Tuesday, October 14, 2008

Theology of the Body, Part 7

This post represents a re-taking up of my Theology of the Body series from three years ago. The focus of the series is the "theology of the body" espoused by the late Pope John Paul II, as described in Christopher West's book Theology of the Body for Beginners.

In previous installments, I indicated how conflicted I was about what I'll abbreviate as TOB. On the one hand, I felt deeply drawn to it; on the other, repelled by it as a sure way to drive a wedge between true believers and everyone else.

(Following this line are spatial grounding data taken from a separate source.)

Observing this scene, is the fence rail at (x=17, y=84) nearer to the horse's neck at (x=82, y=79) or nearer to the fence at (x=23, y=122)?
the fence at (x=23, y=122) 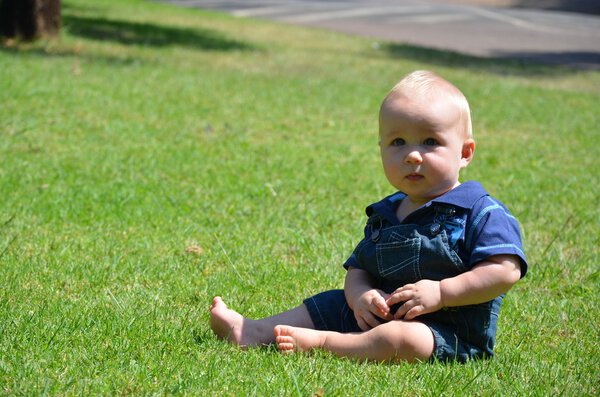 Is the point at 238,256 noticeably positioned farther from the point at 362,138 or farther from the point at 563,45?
the point at 563,45

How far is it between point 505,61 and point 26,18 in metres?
7.53

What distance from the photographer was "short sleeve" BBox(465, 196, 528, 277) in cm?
318

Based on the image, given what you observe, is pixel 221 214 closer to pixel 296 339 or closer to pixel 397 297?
pixel 296 339

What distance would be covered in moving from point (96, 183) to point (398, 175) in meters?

The basic idea of TOB is that there is really nothing more fundamental, in terms of our life in this world, than sex in all its ramifications, and therefore nothing more capable of serving as the taproot of sin than sex. When our original desire to share ourselves fully with one another, man-to-woman and woman-to-man, was perverted into lust, it became our "original sin." Christ's death on a cross and resurrection to life everlasting have redeemed that sin and all its follow-on transgressions fully, assuring us of a place in heaven, but we have to appropriate that redemption willingly, and at some great difficulty, in this life.

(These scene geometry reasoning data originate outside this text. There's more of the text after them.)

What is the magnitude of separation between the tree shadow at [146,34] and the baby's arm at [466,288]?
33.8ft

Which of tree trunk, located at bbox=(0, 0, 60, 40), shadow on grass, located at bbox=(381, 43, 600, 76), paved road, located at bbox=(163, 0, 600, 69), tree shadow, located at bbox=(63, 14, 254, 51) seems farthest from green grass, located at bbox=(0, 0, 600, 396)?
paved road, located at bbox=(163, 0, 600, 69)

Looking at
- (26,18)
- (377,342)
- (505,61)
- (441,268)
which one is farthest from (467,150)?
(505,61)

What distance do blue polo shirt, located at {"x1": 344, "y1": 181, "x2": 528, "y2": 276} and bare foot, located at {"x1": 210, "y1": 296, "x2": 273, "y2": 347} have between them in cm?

The theology of the body, laid out by John Paul II in a series of talks early in his pontificate, is a discourse in how we do that.


Herein, rather than try to lay out the entire complex subject in one blog post, I'd like to try to relate the Holy Father's theology of the body to Jungian psychology.

In my long recent series on Jungian Wholeness and its Addressing the Anima subset, I discussed Jung's ideas about the hidden powers of the unconscious mind: the archetypes, including the Shadow, the Anima, and the Self. The Shadow, I said, betokens the repository of aspects of the psyche that we don't like about ourselves. We don't particularly want to see our sexual avidity as "lust," for instance, so we park "lust" in the unconscious depths, where it becomes part of the Shadow complex.

Jung held that deeper than the Shadow in men lies the archetype called the Anima (the Animus in women). As a feminine component in a masculine personality, the Anima represents a man's ideal for members of the opposite sex. The Animus in women, as a masculine component in a feminine soul, does the same in return. True psychic health demands that at some point the Anima/Animus should be confronted, internally and consciously, but even before that happens, the Anima/Animus typically gets projected outward on a member of the other sex. As a result, we fall in love.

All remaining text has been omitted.